But Donald Trump has not asked for a commitment from Australia on joining potential military action against Tehran.
“It certainly wasn’t sought … at this stage I think those issues are a bit premature,” Prime Minister Scott Morrison told the ABC on Friday after meeting the US president at the G20 Summit in Japan overnight.
“We would deal with any request from an ally such as the United States seriously and on its merits.”
The U.S. is urging Australia to toughen its stance on Iran and play a key role in a new “global coalition” against the regime.
As heightened tensions between the US and Iran threaten to spill into a full-blown conflict, U.S. Secretary of State Mike Pompeo has called on Canberra to partner with the Trump administration to boost pressure on Tehran.
“I think Australia is an important player here,” Pompeo told The Australian.

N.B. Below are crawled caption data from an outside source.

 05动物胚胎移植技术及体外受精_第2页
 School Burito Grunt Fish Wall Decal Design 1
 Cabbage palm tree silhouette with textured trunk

“I think they carry a lot of weight in the sense that they, like many nations, suffer from the fact the world’s largest state sponsor of terror continues down the path of building its missile program in a way that threatens not only the Middle East but the entire world.”

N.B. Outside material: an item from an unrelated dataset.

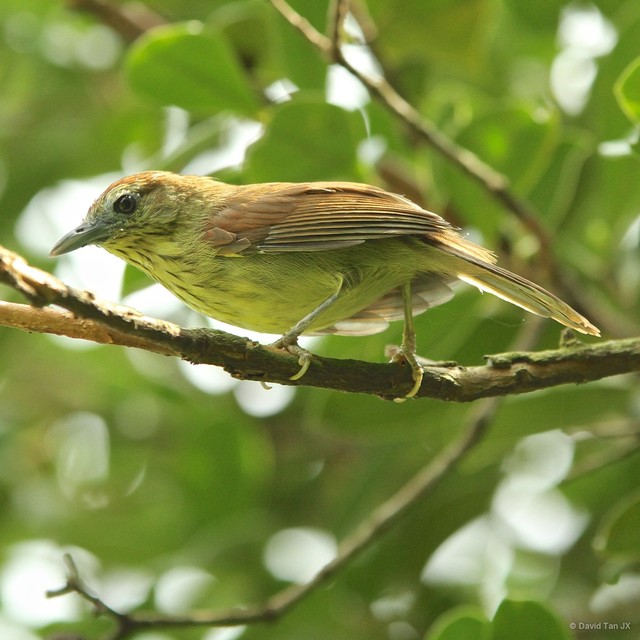 Mixornis gularis•&copy; David Tan JX•All Rights Reserved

Trade Minister Simon Birmingham says Australia continually reviews and updates its sanctions.
It believes its Iran sanctions are up to scratch but is keeping an eye on what the U.S. does next.
“Our belief is that to date the economic sanctions we’ve put in place are fit for purpose,” he told ABC Radio National on Friday.
“But we’re looking closely at what additional steps the United States is taking and whether that mandates or warrants any change in the economic sanctions that we already have in place.”